Berard’s team studied more than 145,000 children born in Quebec between 1998 and 2009. They found 4,700 babies, or 3 percent of the total group, whose mothers took some type of antidepressant while pregnant.

Only 31 babies, or 1 percent of the group whose mothers took antidepressants in later pregnancy, were later diagnosed with autism.

However, those babies were more likely to have been born to mothers who took antidepressants in the second or third trimester of pregnancy, they reported in the Journal of the American Medical Association’s JAMA Pediatrics.
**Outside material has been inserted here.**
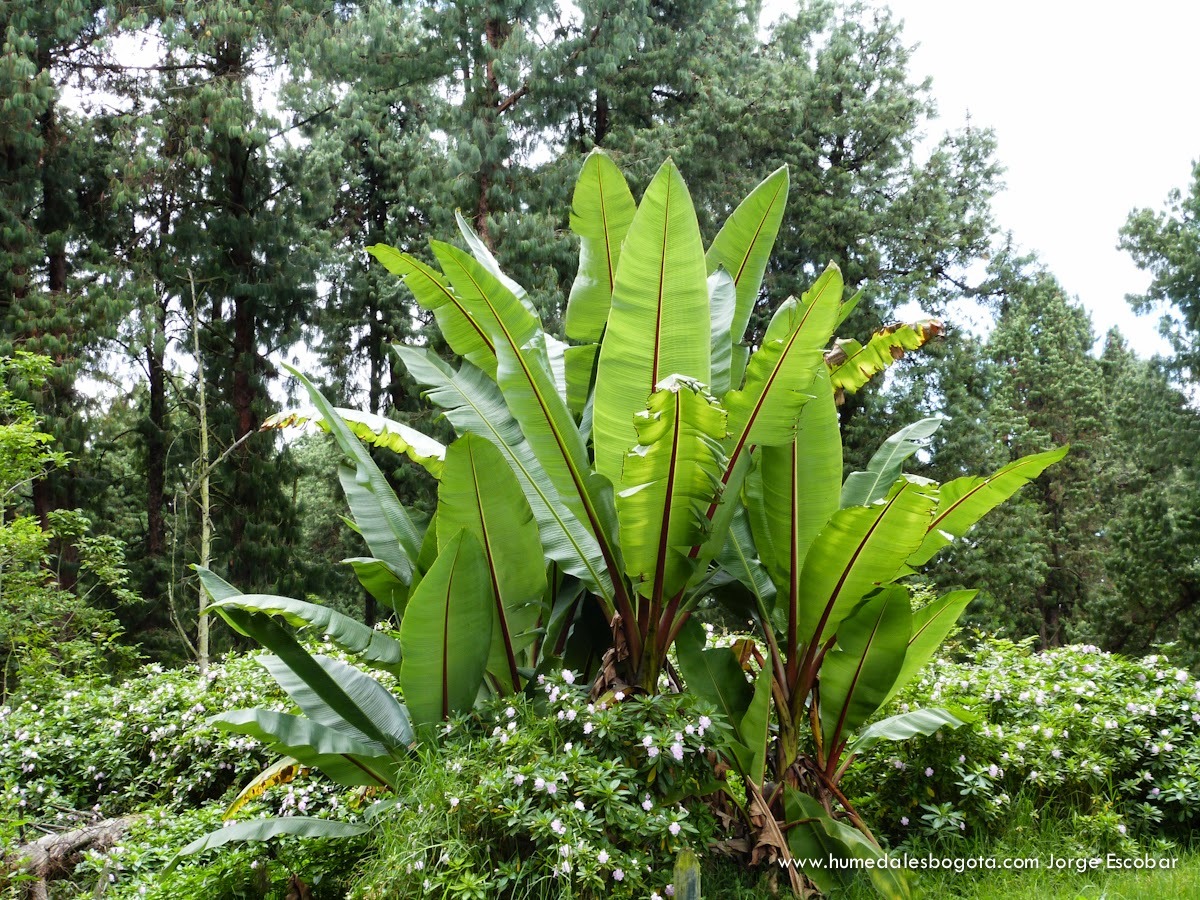 Ensete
More careful analysis showed it was only the SSRIs.

“Other classes of antidepressants were not statistically significantly associated with an increased risk of autism spectrum disorder,” they wrote.

Dr. Eva Pressman, who chairs the department of Obstetrics and Gynecology at the University of Rochester in New York, says the study raises more questions than it answers.

“If there is an effect that SSRIs have on autism, I think it is not a very large effect,” she told NBC News.

Pressman, who has prescribed SSRIs to pregnant women herself, said it’s a judgment call. In general, pregnant women should take as few medications as possible, she said.

“If the patient can be safely managed without medication, that’s always in their interest,” she said. “In some patients, the depression is clearly more dangerous than the medication.”

And it’s dangerous for anyone to suddenly stop taking antidepressants. “If articles like this make people come off medication that they need to function, that’s terrible for society,” said Pressman, who was not involved in the study.

Related: What to say (and not say) to someone who is depressed

Antidepressants are very widely used in the U.S. and 13 percent of U.S. women took them while pregnant in 2003, the researchers said. That's up from 5.7 percent in 1999. In Canada, 4.5 percent of pregnant women took them between 2001 and 2006.

What the study cannot show is why there was a higher risk in some women. Women who continue to take antidepressants during pregnancy may be more severely depressed than women who do not take them, and that itself may change their child’s risk. Depression and autism both have a very strong genetic roots.

“For example women who took antidepressants were more likely to have a history of psychiatric and other illness, were older, and we're more likely to have had another child with autism,” said Dr. Gail Saltz, a psychiatrist at The New York Presbyterian Hospital Weill-Cornell School of Medicine.

“Each of these factors could increase the risk of autism. So the study says there was a difference but can't say if the drug caused the difference or whether these differences are what increased the risk.”

The researchers note other studies have shown there could be a biological basis for SSRIs affecting a child’s brain, however. “Selective serotonin reuptake inhibitors cross the placenta and are found in amniotic fluid,” they said.

“The circulating neurotransmitters may be different in someone with depression, or someone with severe depression.”

Serotonin is a message-carrying chemical called a neurotransmitter and it’s linked with mood, but it performs other important functions, too. “We know that all neurotransmitters play a role in not only sending signals but how the brain reacts to those signals and how the brain develops,” Pressman said.

“The circulating neurotransmitters may be different in someone with depression, or someone with severe depression.”

So, in other words, it’s complicated. Autism is almost certainly caused by a combination of genetics and so-called external influences such as what happens in the womb and perhaps in infancy too, experts say. Studies show when women get the flu while pregnant, for instance, it may raise the risk of autism.

And other studies done looking specifically at antidepressants in pregnancy have had mixed results. One published in June this year found that it seemed to be the mother’s degree of depression, and not the antidepressants, that was most strongly associated with a child’s autism.

Autism diagnoses are on the rise in the U.S. The latest study finds one in 45 U.S. kids have been diagnosed with an autism spectrum disorder.